The other aspect of niceness is action. Just thinking about how things can be corrected is not being nice. Niceness requires the ability and strength to go out of your comfort zone to do something. There are times I feel like running out into the street and screaming against an injustice (sometimes as simple as after watching a movie like The Pursuit of Happiness), but I don't do that. I can't imagine myself screaming, for one. ;)
To actually stand up, loudly, for what you feel, to give voice to the unheard, to support those broken down, to be there for someone who has no one: that is quintessential niceness. Just shedding a few tears, even if your heart is really breaking, does not make you nice.
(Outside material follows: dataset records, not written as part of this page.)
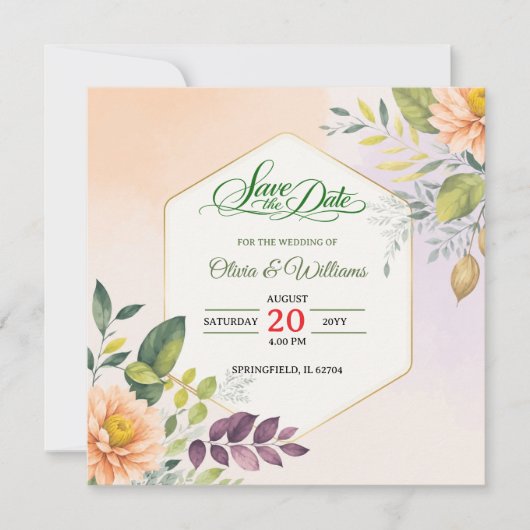 Elegantes florales Design Save The Date (Vorderseite)
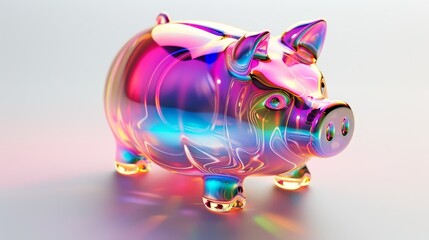 Piggy bank, 3D illustration, vibrant colors, isolated on white background, futuristic, holographic details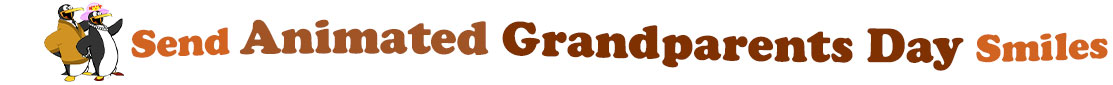 The "Send Animated Grandparents day smiles" has for emblem a male and female penguins, the female is wearing a pink hat with flowers and read heels and the male, a beige orange cardigan over a white shirt and black tie. The banner next to them says "Send Animated Grandparents day smiles" where the "send" is pumpkin orange,"Animated" is light brown, "grandparents" is brown, "day" also brown and "smiles" pumpkin orange. Each of the 3 lines are slightly curvy and at the first line are the words "Send Animated" and under the second line "Grandparents Day" and at the third line is the word "Smiles". At the smaller thumbnail, the words are the same colour and on one line which is a little bit curvy as well.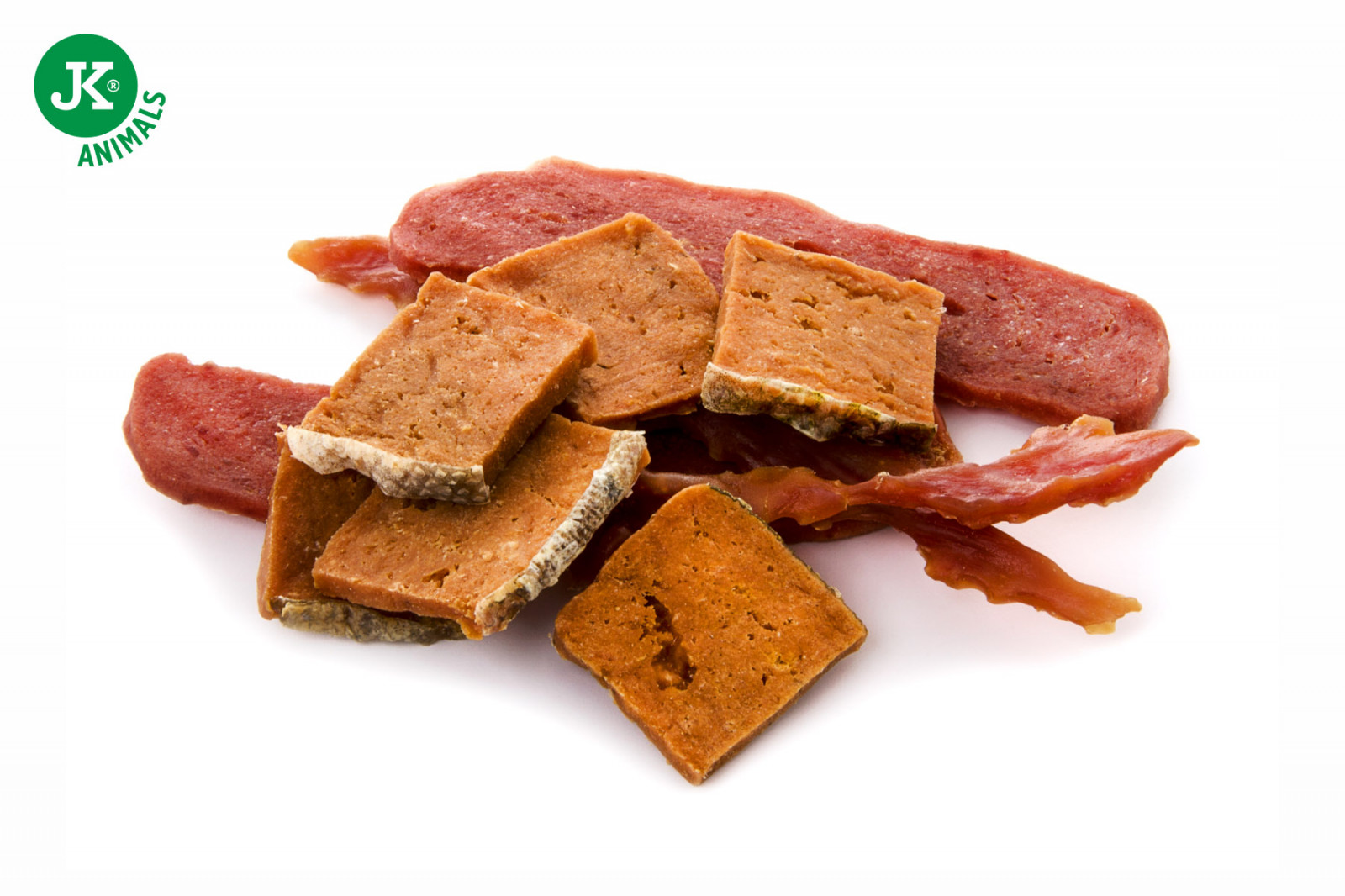 JK Animals Narozeninový masový Mix, kachní maso, králičí filety a maso z lososa, 80 g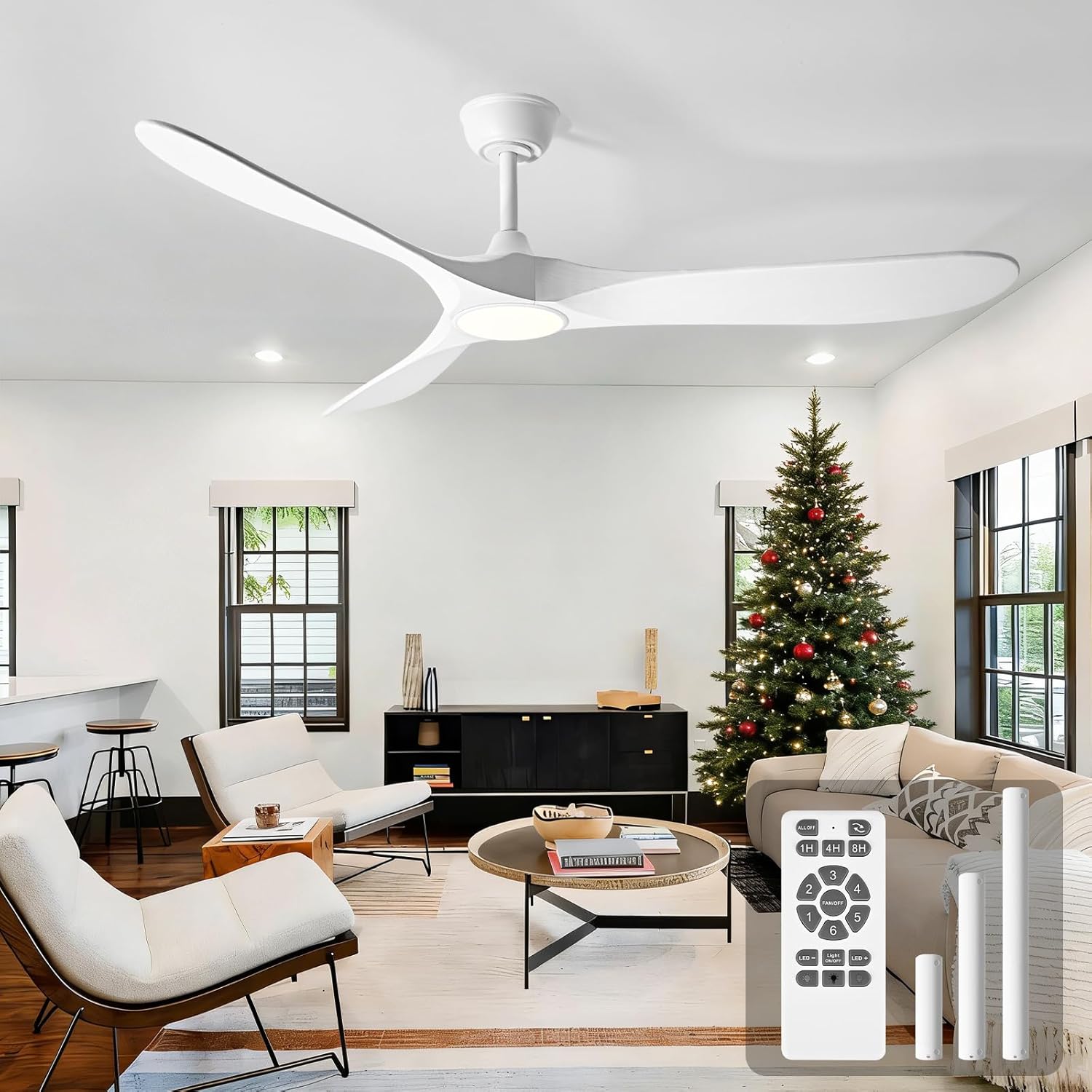 52 Inch Ceiling Fans with Lights and Remote, Wood Outdoor Ceiling Fan with 6 Speed Noiseless DC Motor, Indoor Modern 3 Blade Propeller Ceiling Fan for Bedroom Living Room Gazebo Patio (White)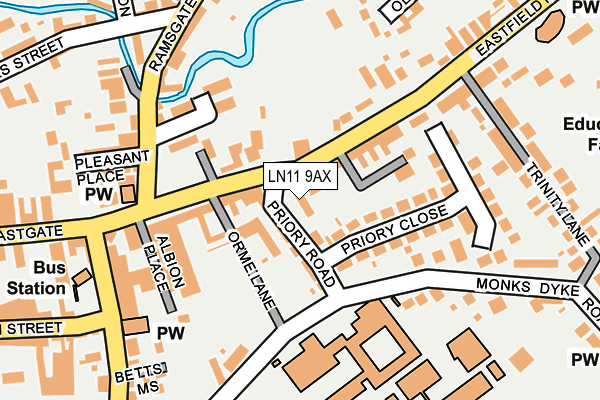 LN11 9AX map - OS OpenMap – Local (Ordnance Survey)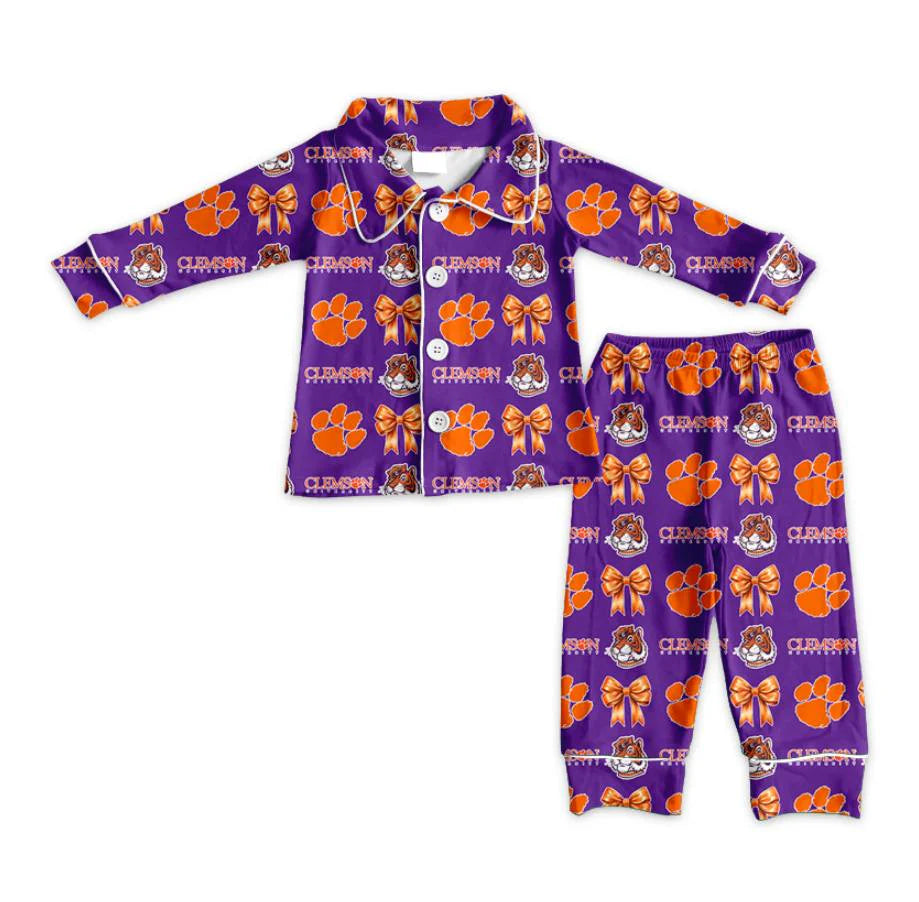 (Custom Design Preorder MOQ 5 Each Item)Team's Tinger Bows Print Girls Matching Clothes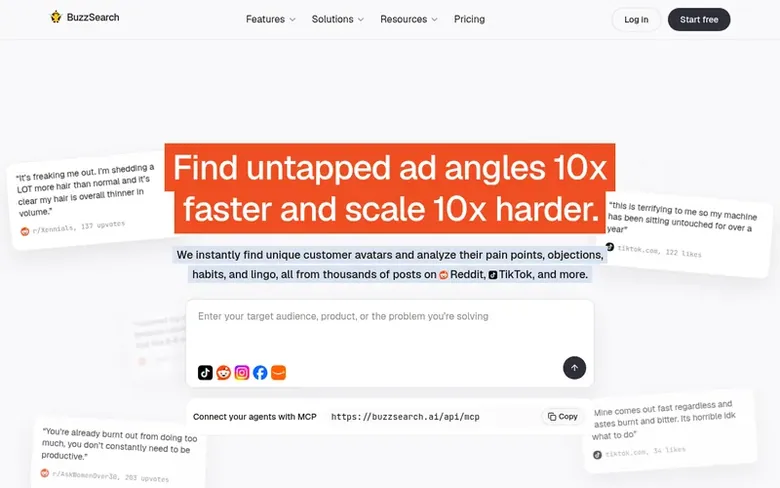 Screenshot of the BuzzSearch homepage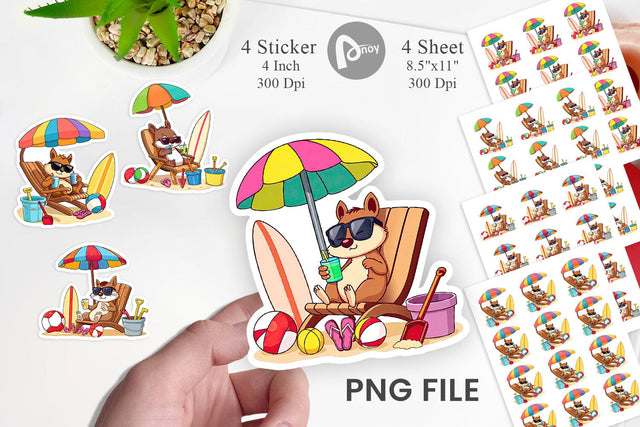 Summer Squirrel Sticker Sublimation artnoy 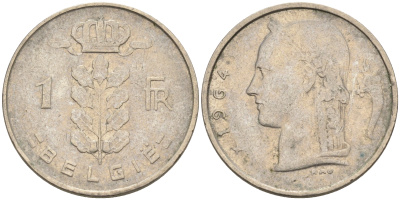 Бельгия 1 франк 1964 Belgie KM 143.1 медно-никель    4592-1142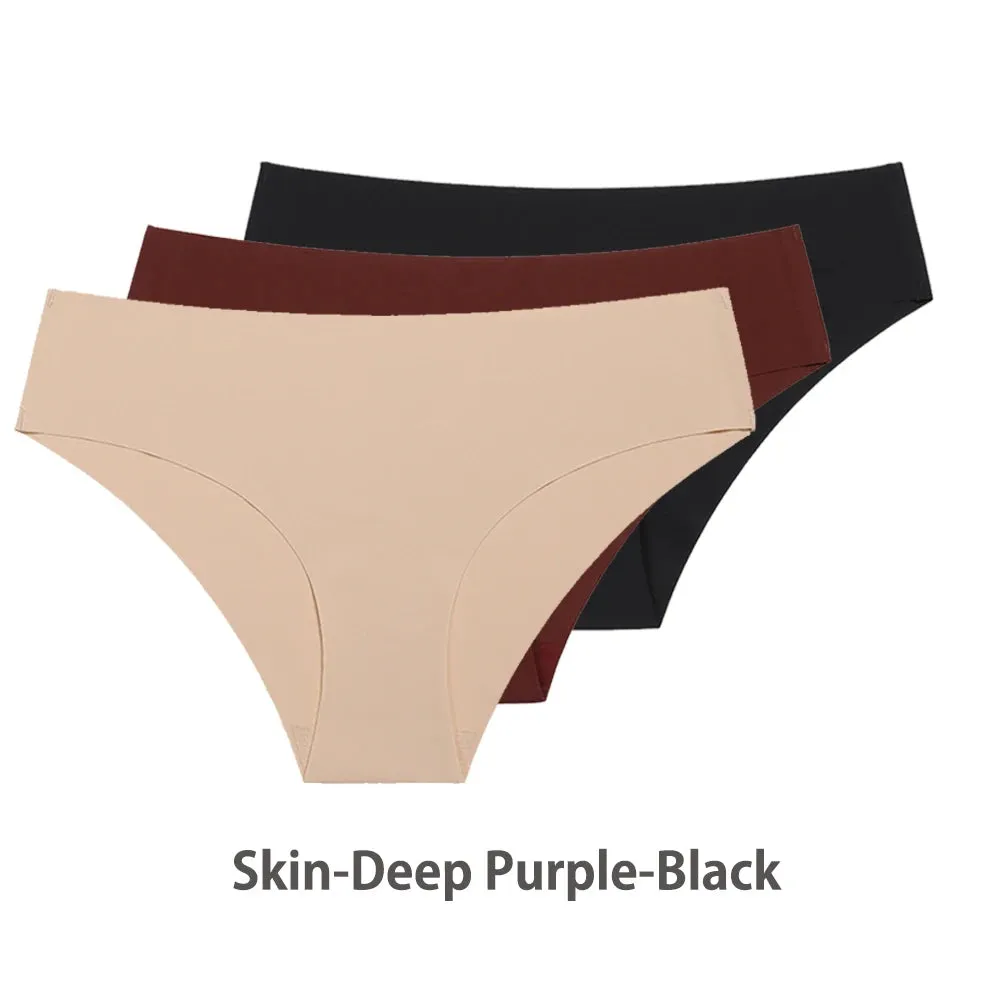 Women Breathable Low Waist Underwear Solid Silk Briefs Invisible Seamless Panties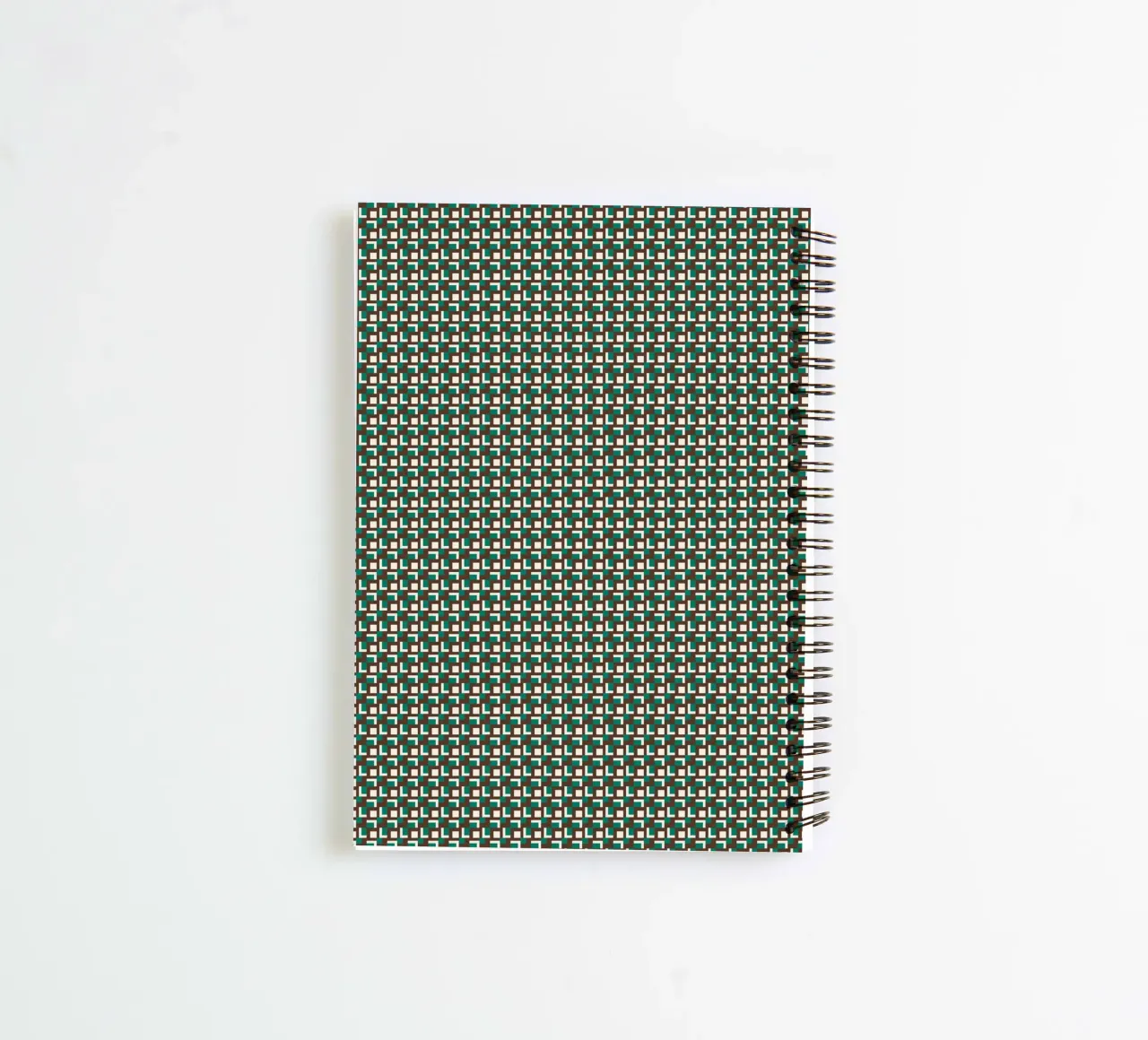 Interlocking grid pattern spiral notebook by Little Dean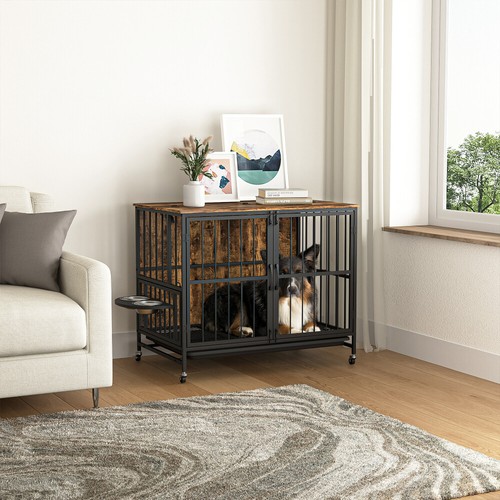 Dogs up to 80lbs, Double-Door, Removable Tray, Adjustable Feeding Bowls, Brown - Picture 3 of 11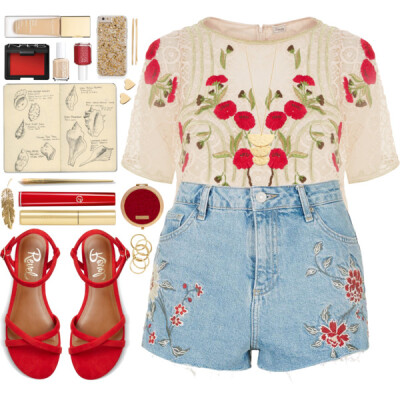 A fashion look from October 2016 featuring pink top, high-waisted jean shorts and criss-cross sandals. Browse and shop related looks.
On a bigger scale, I think being nice becomes subjective and very, very important. Imagine if our billionaires were really nice. Not by measure of the maybe 0.01 percent charitable donations they make, but actually effectively nice. Maybe they could heal Sudan or clean our oceans instead of sending cars into space and taking rides to the moon.
The simplest definition of nice is doing something helpful for someone you do not necessarily like. Giving a ride to an acquaintance in need, tolerating company you don't really want. That is why I believe niceness also comes from a place of power. It is not being nice if you have to interact with certain people because of societal pressures. It is not niceness if you get your boss the coffee because it is expected. It is not being nice when you pay your taxes — that is following the law. These acts are all proper and correct, but it is not being nice. These deeds are important for social fabric, and maybe even kind. But it is not organic, it is not because of the altruism of your soul.
Even if you can't say you are a nice person because you only do nice things occasionally and intentionally, the acts in themselves matter. Whether it is from a place of genuine instinctive concern or from superficial external pressure, whether it is an unbidden act of graciousness or something designed, the resultant butterfly effect is undeniable.
So, are you a nice person? Or are you just consciously 'nice'? Either way, it is really nice what you do :D. Seriously.